Being partial to 1960 Chryslers in general, I always thought the wagon model, a four door hardtop, was kinda cool. 413 V8 lotsa power. And that astra dome dash.


----------



## dingeryote

Jumper said:


> Being partial to 1960 Chryslers in general, I always thought the wagon model, a four door hardtop, was kinda cool. 413 V8 lotsa power. And that astra dome dash.



SWEET!!!!

The Fins are just too cool, even on a Station wagon.

Make mine in Aqua Marine Thank you!!

Stay safe!
Dingeryote


----------



## Taxmantoo

1991-1996 Caprice/Roadmaster/Olds Cruiser. 

The 1994-1996 Chevy/Buick with the LT1 engine would be nice, the Olds are rare, only made 1991-1992. If I wanted to keep it forever, I'd probably try to get a 1992 Olds Custom Cruiser. That would be eligible for a collector car plate in 2017.

http://consumerguideauto.howstuffworks.com/1991-to-1992-oldsmobile-custom-cruiser.htm

If the above are too new, it's gotta be a 455 Vista Cruiser with rear facing jump seat and the windows along the roof edge. (like the Foreman family had on That 70's Show)

If you actually put miles on the thing, I'd be steering you into a 1987-1995 Mercedes.


----------



## RandyMac

Thanks guys, this is what I was looking for, real world info.


----------



## Torin

taxmantoo said:


> 1991-1996 Caprice/Roadmaster/Olds Cruiser.
> 
> The 1994-1996 Chevy/Buick with the LT1 engine would be nice, the Olds are rare, only made 1991-1992. If I wanted to keep it forever, I'd probably try to get a 1992 Olds Custom Cruiser. That would be eligible for a collector car plate in 2017.
> 
> http://consumerguideauto.howstuffworks.com/1991-to-1992-oldsmobile-custom-cruiser.htm
> 
> If the above are too new, it's gotta be a 455 Vista Cruiser with rear facing jump seat and the windows along the roof edge. (like the Foreman family had on That 70's Show)
> 
> If you actually put miles on the thing, I'd be steering you into a 1987-1995 Mercedes.



I had a '73 Custom Cruiser, a real beast. It had the hide-away rear window & rear gate. It had a 455 and loved gas.


----------



## bowtechmadman

I'd like to find me a late 80's MB with turbo diesel and AWD. Love my 85 300 TDI.


----------



## Taxmantoo

bowtechmadman said:


> I'd like to find me a late 80's MB with turbo diesel and AWD. Love my 85 300 TDI.



You do not want a 1986-1993 4-MATIC, no way, no how. (well, maybe if it had an updated transfer case installed in the last 10,000 miles, and you intend to sell it in the next 10,000 miles...)

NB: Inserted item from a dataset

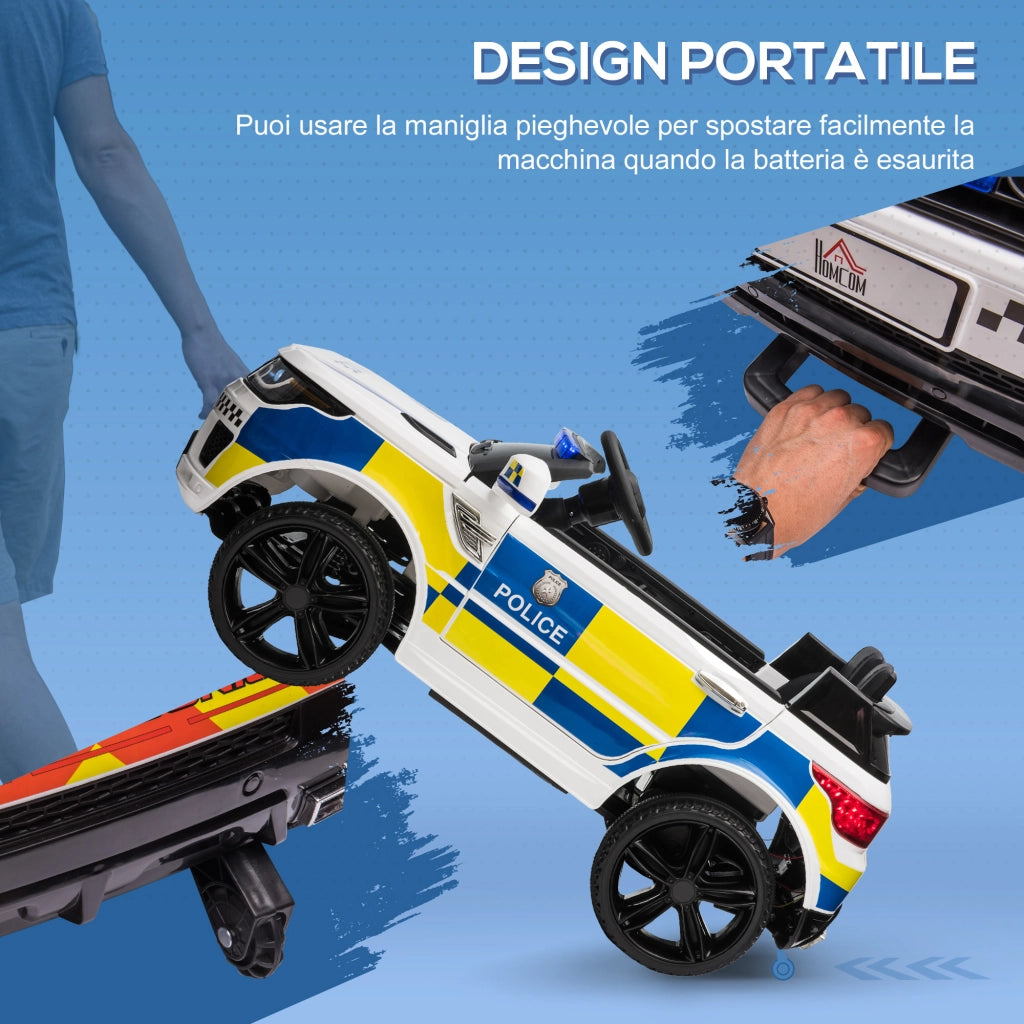 Auto Bambini Polizia Elettrica ¨C Minimal ¨C Bianco 110x68x52cm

1987 was the only year for the diesel engine in the S124 chassis in USA, I think they made about 2000 of them. You can pick up beaters for $2-3k these days, but the really nice ones command some $$$ (still less $$ than it takes to make a really nice car out of a beater though). 

It took me a while, but I managed to dig up some videos of Mauri Haapala's 500hp S124 diesel. 
Mauri was quite unhappy with the 14.69 run, his exhaust manifold studs kept coming loose that weekend. The 2nd run at 14.21 is the best I've seen for a diesel wagon with the original 2.65:1 diff gearing. 

http://w124performance.com/movies/Mercedes/SuperTurbos/Mauri_wagon_1.mpg
http://w124performance.com/movies/Mercedes/SuperTurbos/Mauri_wagon_2.mpg


----------



## Scooterbum

Neighbor had an old Vista when I was 13, He'd get too drunk to drive and have me run him to the beer store.350 4-barrel and it would fly.
Class ride.

http://www.classyauto.com/image_large.php?image_id=299151


----------



## a. palmer jr.

I wish I had a station wagon, but until I get one I guess I'm stuck with this old thing...


----------



## DANOAM

I would like to Impala SS ize a mid 90's caprice wagon.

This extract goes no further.